Work task:
Your copy of the data should match it exactly, except that the pictures are gone.

Information provided:
- Opening Delimiter -

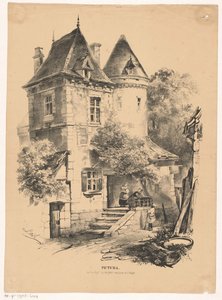 Ingresso di servizio di un castello o residenza da Carel Christiaan Antony Last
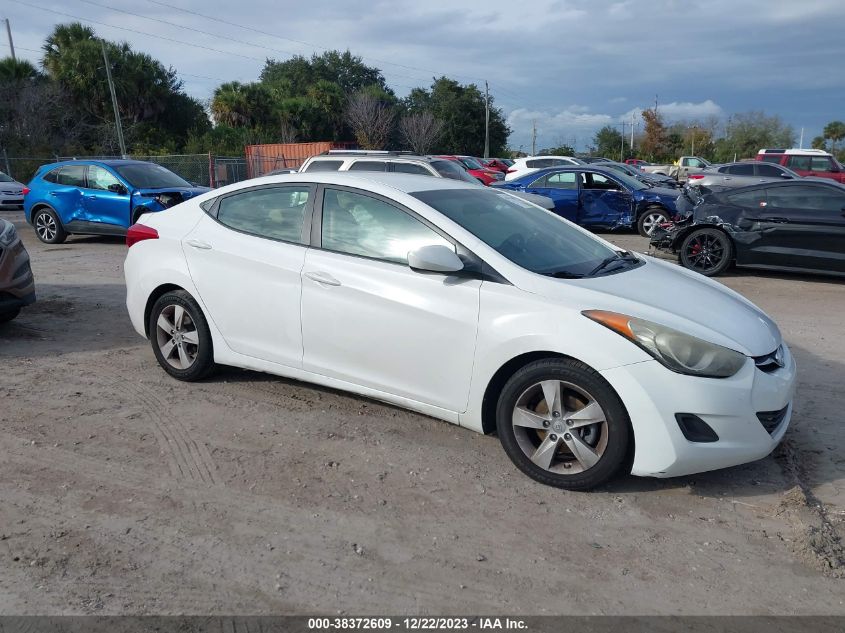 2013 HYUNDAI ELANTRA GLS - 5NPDH4AE7DH307654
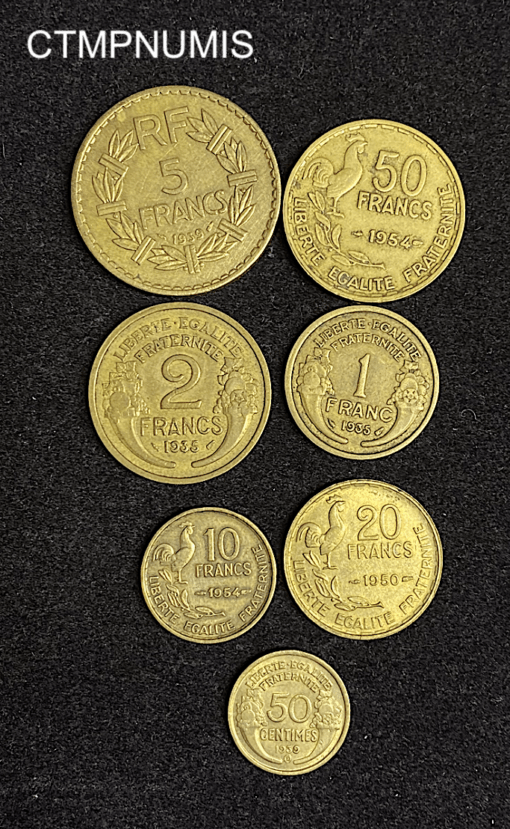,MONNAIES,FRANCAISE,LOT,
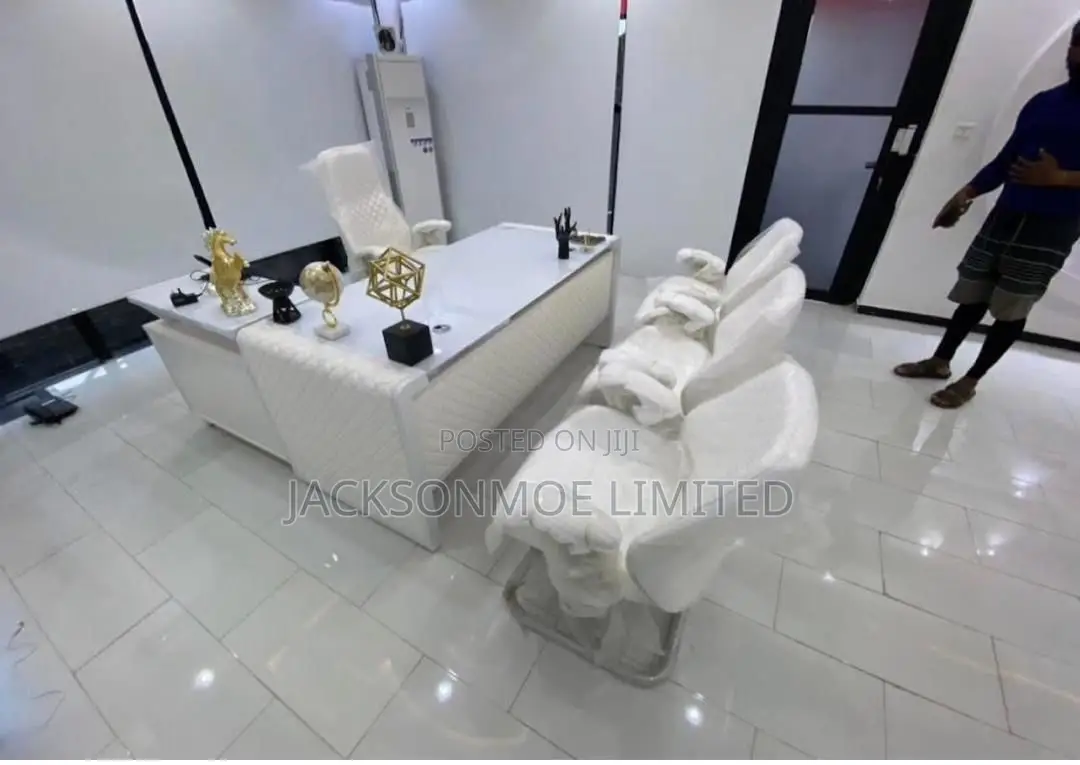 White Executive Table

- Closing Delimiter -

Task solution:
 Ingresso di servizio di un castello o residenza da Carel Christiaan Antony Last
 2013 HYUNDAI ELANTRA GLS - 5NPDH4AE7DH307654
,MONNAIES,FRANCAISE,LOT,
 White Executive Table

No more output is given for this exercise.